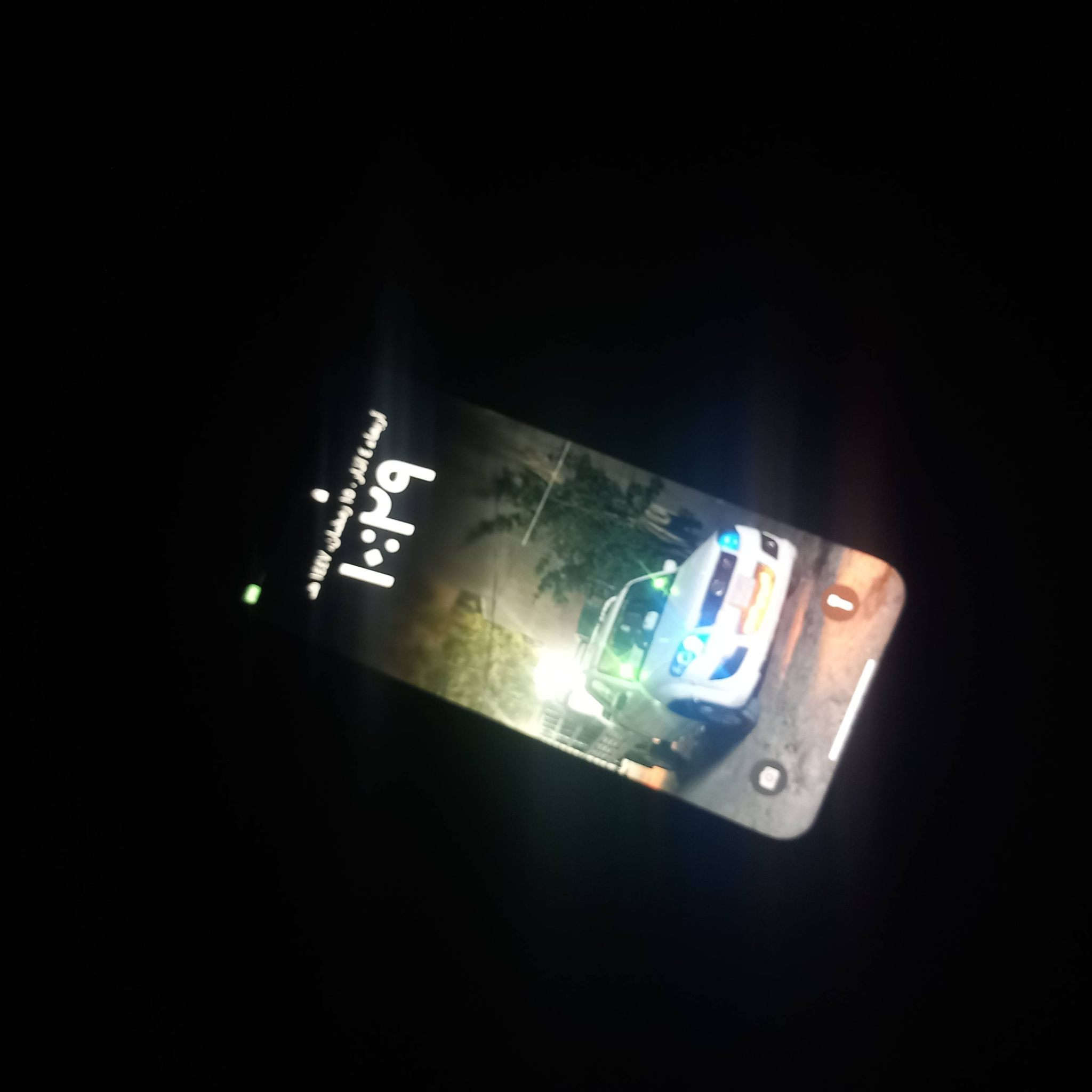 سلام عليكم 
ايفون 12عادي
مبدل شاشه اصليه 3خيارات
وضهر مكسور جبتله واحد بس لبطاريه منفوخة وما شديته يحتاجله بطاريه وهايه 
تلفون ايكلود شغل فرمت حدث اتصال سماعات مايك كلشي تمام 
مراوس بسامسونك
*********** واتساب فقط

Task to carry out -> Could you copy each line above exactly as written, minus any pictures?

Reply ->
 سلام عليكم 
ايفون 12عادي
مبدل شاشه اصليه 3خيارات
وضهر مكسور جبتله واحد بس لبطاريه منفوخة وما شديته يحتاجله بطاريه وهايه 
تلفون ايكلود شغل فرمت حدث اتصال سماعات مايك كلشي تمام 
مراوس بسامسونك
*********** واتساب فقط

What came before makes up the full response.